A celebratory event at Broomfield Park has marked the opening of Enfield’s latest wetland project that will deliver a huge range of benefits to the community and environment.
The Rivers Trust and Thames21 have provided support to Enfield Council who have led the design and creation of the wetland. Funding has come from the Coca-Cola Foundation via a water stewardship partnership between Coca-Cola and WWF.
Guests at the opening were shown all the work of volunteers who took part in mass planting events. They heard about the multiple benefits that the wetland provides and were able to take part in citizen science.
One of the main objectives of the project is to improve water quality in the nearby Pymmes Brook, a tributary of the Lower Lea that has been subject to pollution. The wetland will help to improve water quality before it reaches the river. As well as improving water quality, the wetland will help to alleviate the flood risk to properties and will protect the park from water-logging.
In addition, wetland habitats, once established, will support biodiversity and the ecology of the area. School children will be encouraged to engage with nature and to use the wetlands as a living classroom, so they can learn about wildlife, climate change and other environmental issues.
Enfield Council’s Cabinet Member for Environment & Sustainability, Cllr Guney Dogan, said:
“The new wetland will be a wonderful opportunity for the community to come together to protect, nurture and engage with nature.

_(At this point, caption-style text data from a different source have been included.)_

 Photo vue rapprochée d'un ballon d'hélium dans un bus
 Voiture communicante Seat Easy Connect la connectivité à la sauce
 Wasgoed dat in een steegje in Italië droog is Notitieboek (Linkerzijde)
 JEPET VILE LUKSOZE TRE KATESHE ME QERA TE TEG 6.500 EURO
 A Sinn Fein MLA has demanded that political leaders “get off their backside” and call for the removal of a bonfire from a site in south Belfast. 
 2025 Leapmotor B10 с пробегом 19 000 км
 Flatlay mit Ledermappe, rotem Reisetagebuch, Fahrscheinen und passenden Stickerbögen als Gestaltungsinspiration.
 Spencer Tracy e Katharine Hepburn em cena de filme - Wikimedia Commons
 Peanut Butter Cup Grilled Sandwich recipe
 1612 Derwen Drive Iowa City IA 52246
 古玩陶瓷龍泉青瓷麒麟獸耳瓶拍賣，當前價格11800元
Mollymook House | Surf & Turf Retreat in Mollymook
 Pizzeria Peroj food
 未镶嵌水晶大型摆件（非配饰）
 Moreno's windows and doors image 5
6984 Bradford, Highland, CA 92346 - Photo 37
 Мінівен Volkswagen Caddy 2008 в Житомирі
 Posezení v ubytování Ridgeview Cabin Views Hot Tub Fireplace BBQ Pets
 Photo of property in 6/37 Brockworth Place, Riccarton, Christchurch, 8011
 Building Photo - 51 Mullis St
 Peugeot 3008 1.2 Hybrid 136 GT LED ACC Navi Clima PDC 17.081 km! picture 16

Broomfield Park already has a fantastic band of volunteers that help tirelessly to make the area one of Enfield’s favourite outdoor spaces and we are incredibly grateful for their hard work and dedication to this wonderful project.”
On this project, the Council worked with its project partners, the Friends of Broomfield Park, the Pymmes BrookERS, and volunteers from Coca-Cola’s local manufacturing site in Edmonton. Members of the local community including families and children helped too.
Wetlands play an important role in tackling pollution, absorbing excess water and providing habitats for aquatic plants and creatures. Enfield Council is seen as a leading authority in sustainable drainage systems.